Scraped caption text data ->
* * * * * * * * *

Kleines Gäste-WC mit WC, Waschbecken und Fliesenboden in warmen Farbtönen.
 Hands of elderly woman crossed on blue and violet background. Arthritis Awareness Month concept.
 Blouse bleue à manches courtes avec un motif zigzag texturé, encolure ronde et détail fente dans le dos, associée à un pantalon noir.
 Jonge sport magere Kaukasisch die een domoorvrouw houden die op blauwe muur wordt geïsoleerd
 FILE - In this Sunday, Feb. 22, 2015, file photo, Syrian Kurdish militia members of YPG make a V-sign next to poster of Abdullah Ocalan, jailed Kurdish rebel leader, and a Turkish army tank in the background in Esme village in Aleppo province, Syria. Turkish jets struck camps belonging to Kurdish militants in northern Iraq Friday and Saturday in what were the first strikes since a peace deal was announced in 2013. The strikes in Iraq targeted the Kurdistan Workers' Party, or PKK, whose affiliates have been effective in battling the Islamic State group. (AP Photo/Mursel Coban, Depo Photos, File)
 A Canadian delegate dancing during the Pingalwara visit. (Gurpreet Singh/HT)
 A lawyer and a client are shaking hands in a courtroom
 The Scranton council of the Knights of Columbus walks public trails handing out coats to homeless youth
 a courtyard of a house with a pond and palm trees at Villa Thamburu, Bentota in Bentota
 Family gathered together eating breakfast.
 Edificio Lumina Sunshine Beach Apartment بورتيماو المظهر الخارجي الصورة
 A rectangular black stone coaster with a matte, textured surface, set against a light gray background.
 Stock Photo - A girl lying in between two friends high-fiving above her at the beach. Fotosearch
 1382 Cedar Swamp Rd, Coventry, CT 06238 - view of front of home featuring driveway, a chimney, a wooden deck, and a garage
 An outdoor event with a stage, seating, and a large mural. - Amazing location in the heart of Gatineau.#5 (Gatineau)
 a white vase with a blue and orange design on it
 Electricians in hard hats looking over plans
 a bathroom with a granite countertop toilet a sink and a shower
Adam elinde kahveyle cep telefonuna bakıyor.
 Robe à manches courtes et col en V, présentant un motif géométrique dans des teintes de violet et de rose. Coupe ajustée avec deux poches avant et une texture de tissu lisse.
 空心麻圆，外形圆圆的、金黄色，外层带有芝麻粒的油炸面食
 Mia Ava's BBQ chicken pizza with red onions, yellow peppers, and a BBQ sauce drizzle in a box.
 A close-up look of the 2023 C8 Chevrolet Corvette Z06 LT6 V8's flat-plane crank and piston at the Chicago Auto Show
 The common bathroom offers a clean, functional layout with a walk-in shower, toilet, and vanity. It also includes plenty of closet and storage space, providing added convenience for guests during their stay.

* * * * * * * * *

Prompt -> Scan the entries for the word "with". Report each line that has it.

Result for this task ->
 a courtyard of a house with a pond and palm trees at Villa Thamburu, Bentota in Bentota
 A rectangular black stone coaster with a matte, textured surface, set against a light gray background.
 An outdoor event with a stage, seating, and a large mural. - Amazing location in the heart of Gatineau.#5 (Gatineau)
 a white vase with a blue and orange design on it
 a bathroom with a granite countertop toilet a sink and a shower
 Mia Ava's BBQ chicken pizza with red onions, yellow peppers, and a BBQ sauce drizzle in a box.
 The common bathroom offers a clean, functional layout with a walk-in shower, toilet, and vanity. It also includes plenty of closet and storage space, providing added convenience for guests during their stay.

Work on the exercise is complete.